Down by the sea
San Pedro is frequently overlooked for its tonier cousin Rancho Palos Verdes. Yet the tide pools at San Pedro’s Royal Palms Beach Park are not to be missed.
West of Terminal Island and Point Fermin, curving down to the sea around the coastal mountain holding San Pedro’s hillside community of South Shores, Royal Palms Beach sits in a wide cove split into three main areas. Surfers tend to claim the far western section with a few adventurous and perhaps foolhardy riders in the rocky-bottomed center zone. Far west and east, low tide reveals the charcoal-colored rocks pitted with holes bored by piddock clams. Larger rocks in the eastern section of the tide pool break the waves, often with a spectacular plume of ocean spray accompanied by the screams of unsuspecting waders. Commonsense warning: keep away from the edges of rocks where the waves crash; chances are you won’t be swept out to sea, but the sharp rocks are sure to do a number on gentle flesh.
Info
Address Royal Palms Beach, 1799 Paseo del Mar, San Pedro, CA 90731, +1 310.305.9503 | Getting there Paid on-site lot. Scaled pricing: 6am–9am & 4pm–close, $3; 9am–4pm, $8 | Hours Daily 6am–dusk. In winter, parking lot opens at 8am.| Tip The 102-acre White Point Nature Preserve (1600 West Paseo Del Mar, San Pedro, CA 90731) offers dog-friendly trails above the bluffs with a fantastic view of Santa Catalina.
Intermittent pools left by the receding tide reveal many purplish anemones. Boulders rise above the pools covered with clinging blue and gray mussels. Hard-shelled striped chitons look like loners by comparison, periodically marking the wet boulders. Trails of tubular marine worm shells can be seen coiled and stretched out like fossils over the rocks. What you won’t find at the Royal Palms Beach Park are a lot of people.
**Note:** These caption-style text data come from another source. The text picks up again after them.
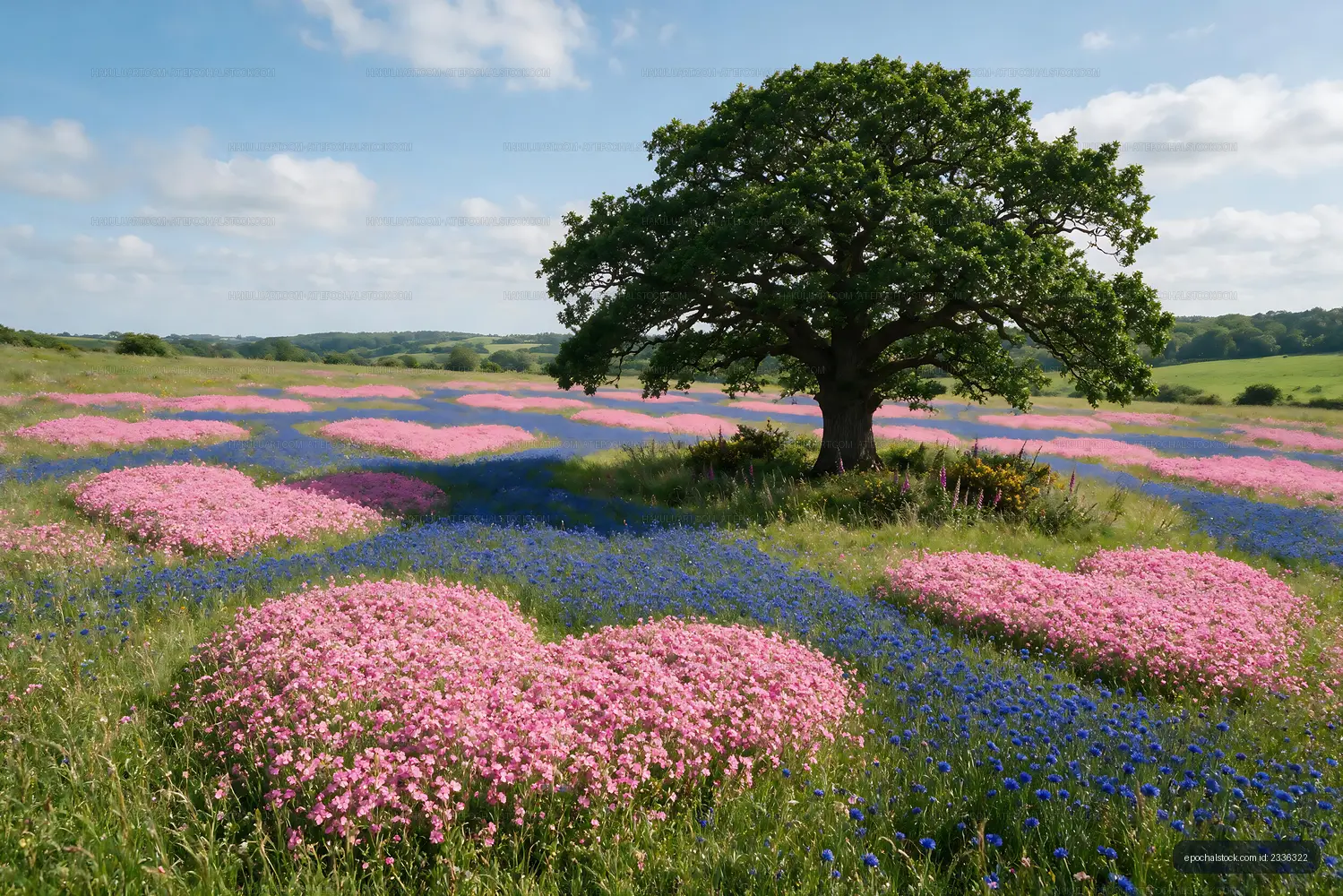 Field with heart-shaped flower patterns and a tree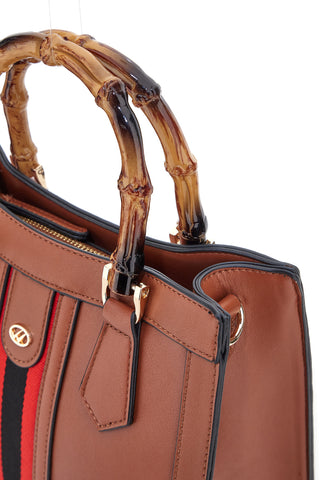 Borsa a Tracolla Cuoio con dettagli Dorati e Manico Rimovibile Double Check 18244-4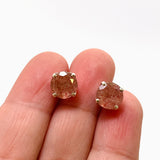 Strawberry Quartz Round Faceted Stud Earrings 9mm PSE033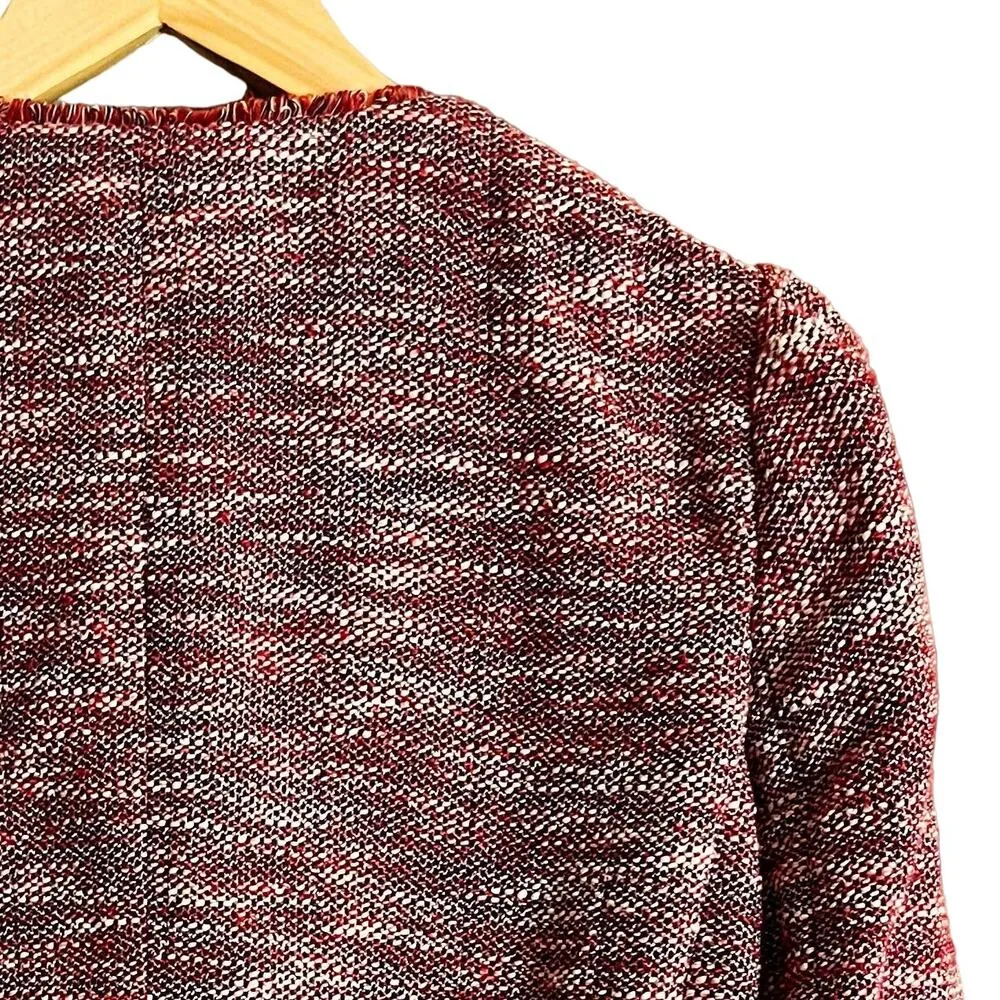 RED VALENTINO Red Tweed Blazer Jacket Snap Front Metallic Giacca ITALY 46 8 EUC - Image 12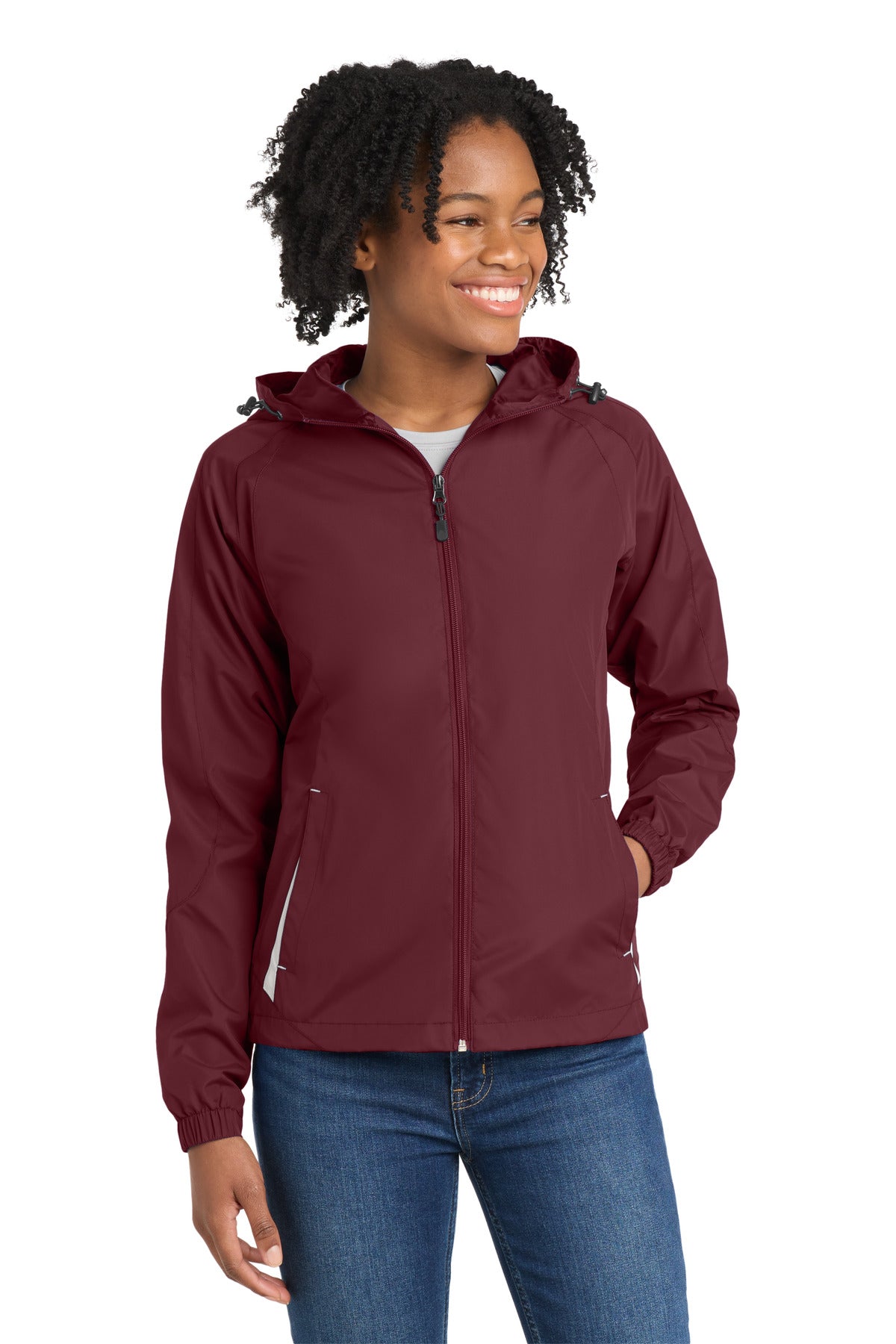 Sport-Tek® Women's Colorblock Hooded Raglan Jacket. LST76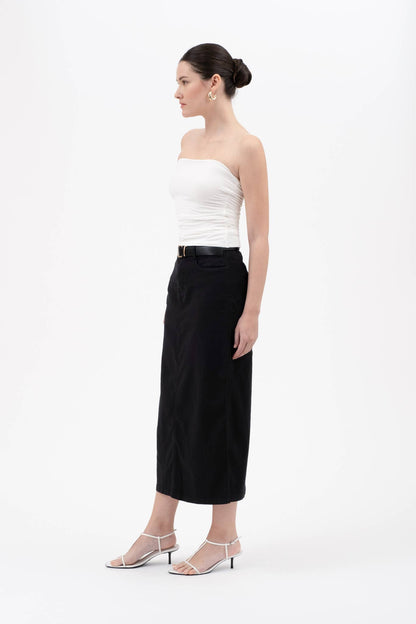 REVERSIBLE STRAPLESS SCRUNCH KNIT TOP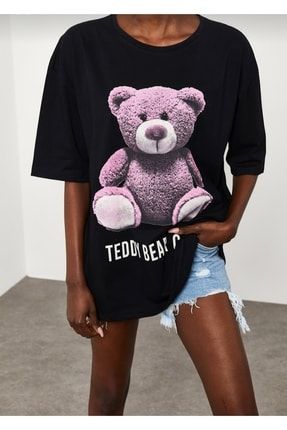Kadın Siyah Teddy Bear Baskılı Salaş T-shirt Tsr0976
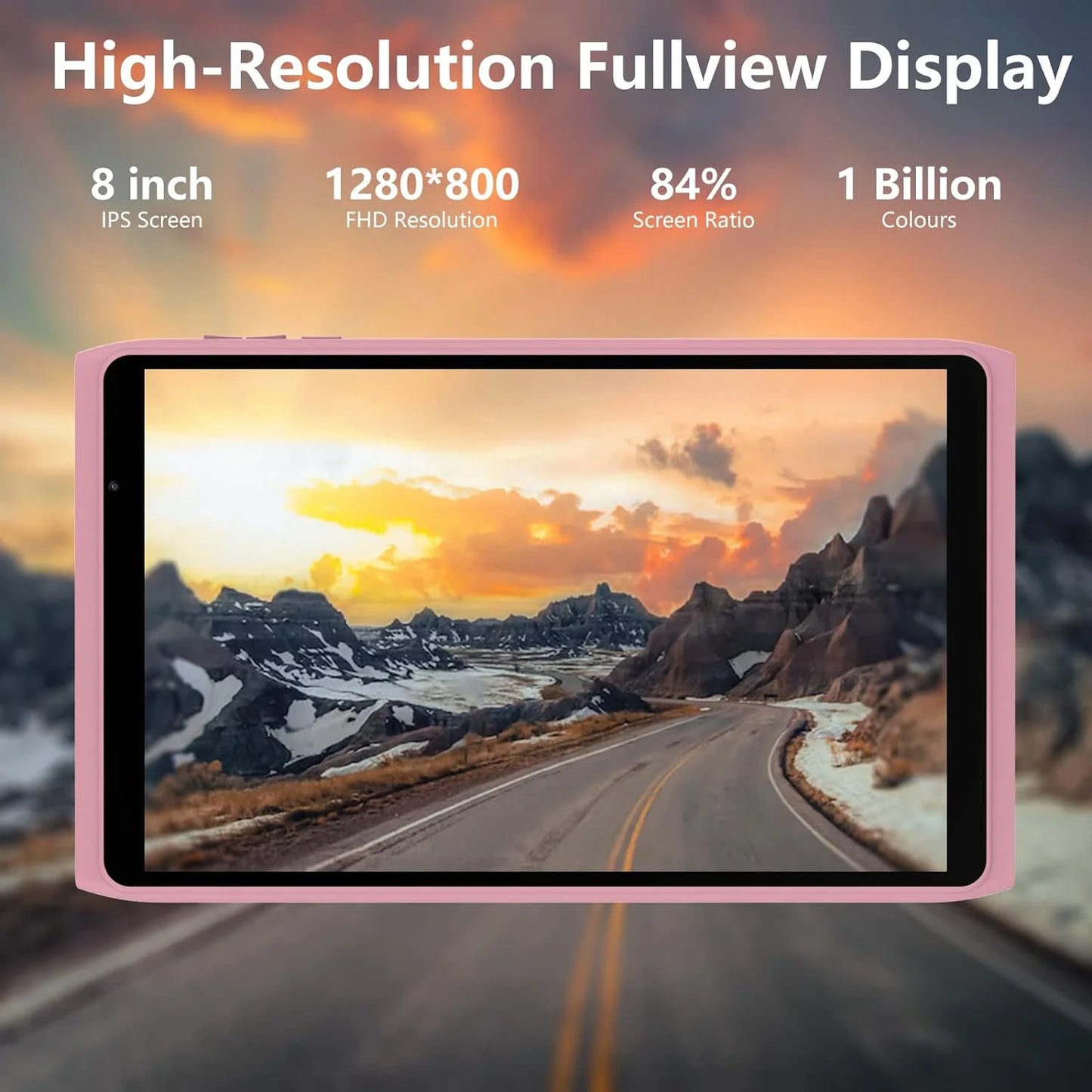 8 in 1280 X 800 Child Tablet, 32 GB, Android 12, Pink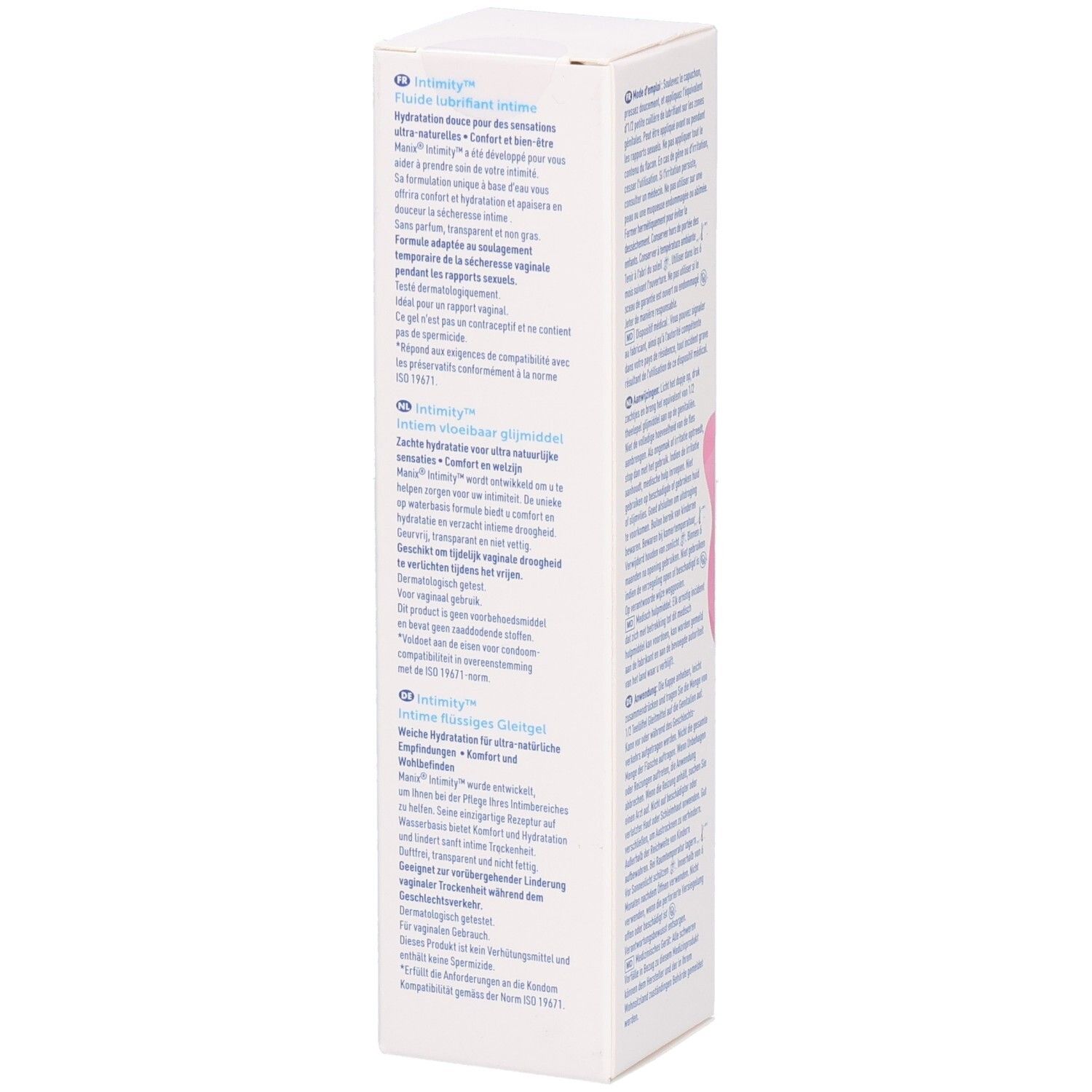Boîte blanche avec texte. Texte multilingue. Pour sécheresse vaginale. 50ml. Marquage CE. Code QR.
The namesake Royal Palms are at the western section of the park in three regal rows with a Copacabana-esque sidewalk installed around them and a line of sturdy picnic tables. The park offers restrooms and a beachside playground for children, but no food. From almost any vantage point you’ll have a fantastic view of Santa Catalina Island, just 22 miles from the coast.